[WHAT THE EXERCISE ASKS] So that nothing is lost, restate each entry exactly as supplied.

[EXERCISE DATA]

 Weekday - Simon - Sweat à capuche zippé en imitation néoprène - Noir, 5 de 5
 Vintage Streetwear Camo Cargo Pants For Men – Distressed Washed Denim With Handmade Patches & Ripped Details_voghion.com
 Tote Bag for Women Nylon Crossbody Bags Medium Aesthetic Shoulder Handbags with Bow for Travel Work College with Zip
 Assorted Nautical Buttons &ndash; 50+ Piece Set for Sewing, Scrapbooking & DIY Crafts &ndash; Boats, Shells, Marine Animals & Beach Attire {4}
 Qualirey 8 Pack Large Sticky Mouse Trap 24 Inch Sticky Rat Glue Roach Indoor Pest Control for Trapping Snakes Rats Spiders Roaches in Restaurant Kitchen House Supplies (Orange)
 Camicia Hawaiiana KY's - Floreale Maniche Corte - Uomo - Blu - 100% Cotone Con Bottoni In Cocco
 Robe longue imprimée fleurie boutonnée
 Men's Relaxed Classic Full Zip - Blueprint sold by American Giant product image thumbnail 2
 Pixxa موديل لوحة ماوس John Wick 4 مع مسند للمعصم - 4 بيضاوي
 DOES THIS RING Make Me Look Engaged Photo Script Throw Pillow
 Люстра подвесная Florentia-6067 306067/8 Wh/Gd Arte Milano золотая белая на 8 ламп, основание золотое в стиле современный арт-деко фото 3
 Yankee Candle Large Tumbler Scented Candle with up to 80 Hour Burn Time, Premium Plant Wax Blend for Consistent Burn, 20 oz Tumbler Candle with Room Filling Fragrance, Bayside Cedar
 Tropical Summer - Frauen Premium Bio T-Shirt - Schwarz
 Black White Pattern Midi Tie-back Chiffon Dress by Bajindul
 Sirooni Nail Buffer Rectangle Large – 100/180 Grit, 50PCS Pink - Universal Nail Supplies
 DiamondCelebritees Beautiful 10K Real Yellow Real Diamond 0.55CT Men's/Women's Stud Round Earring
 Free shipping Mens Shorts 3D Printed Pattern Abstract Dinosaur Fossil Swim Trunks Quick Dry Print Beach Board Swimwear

[EXERCISE RESPONSE]
 Weekday - Simon - Sweat à capuche zippé en imitation néoprène - Noir, 5 de 5
 Vintage Streetwear Camo Cargo Pants For Men – Distressed Washed Denim With Handmade Patches & Ripped Details_voghion.com
 Tote Bag for Women Nylon Crossbody Bags Medium Aesthetic Shoulder Handbags with Bow for Travel Work College with Zip
 Assorted Nautical Buttons &ndash; 50+ Piece Set for Sewing, Scrapbooking & DIY Crafts &ndash; Boats, Shells, Marine Animals & Beach Attire {4}
 Qualirey 8 Pack Large Sticky Mouse Trap 24 Inch Sticky Rat Glue Roach Indoor Pest Control for Trapping Snakes Rats Spiders Roaches in Restaurant Kitchen House Supplies (Orange)
 Camicia Hawaiiana KY's - Floreale Maniche Corte - Uomo - Blu - 100% Cotone Con Bottoni In Cocco
 Robe longue imprimée fleurie boutonnée
 Men's Relaxed Classic Full Zip - Blueprint sold by American Giant product image thumbnail 2
 Pixxa موديل لوحة ماوس John Wick 4 مع مسند للمعصم - 4 بيضاوي
 DOES THIS RING Make Me Look Engaged Photo Script Throw Pillow
 Люстра подвесная Florentia-6067 306067/8 Wh/Gd Arte Milano золотая белая на 8 ламп, основание золотое в стиле современный арт-деко фото 3
 Yankee Candle Large Tumbler Scented Candle with up to 80 Hour Burn Time, Premium Plant Wax Blend for Consistent Burn, 20 oz Tumbler Candle with Room Filling Fragrance, Bayside Cedar
 Tropical Summer - Frauen Premium Bio T-Shirt - Schwarz
 Black White Pattern Midi Tie-back Chiffon Dress by Bajindul
 Sirooni Nail Buffer Rectangle Large – 100/180 Grit, 50PCS Pink - Universal Nail Supplies
 DiamondCelebritees Beautiful 10K Real Yellow Real Diamond 0.55CT Men's/Women's Stud Round Earring
 Free shipping Mens Shorts 3D Printed Pattern Abstract Dinosaur Fossil Swim Trunks Quick Dry Print Beach Board Swimwear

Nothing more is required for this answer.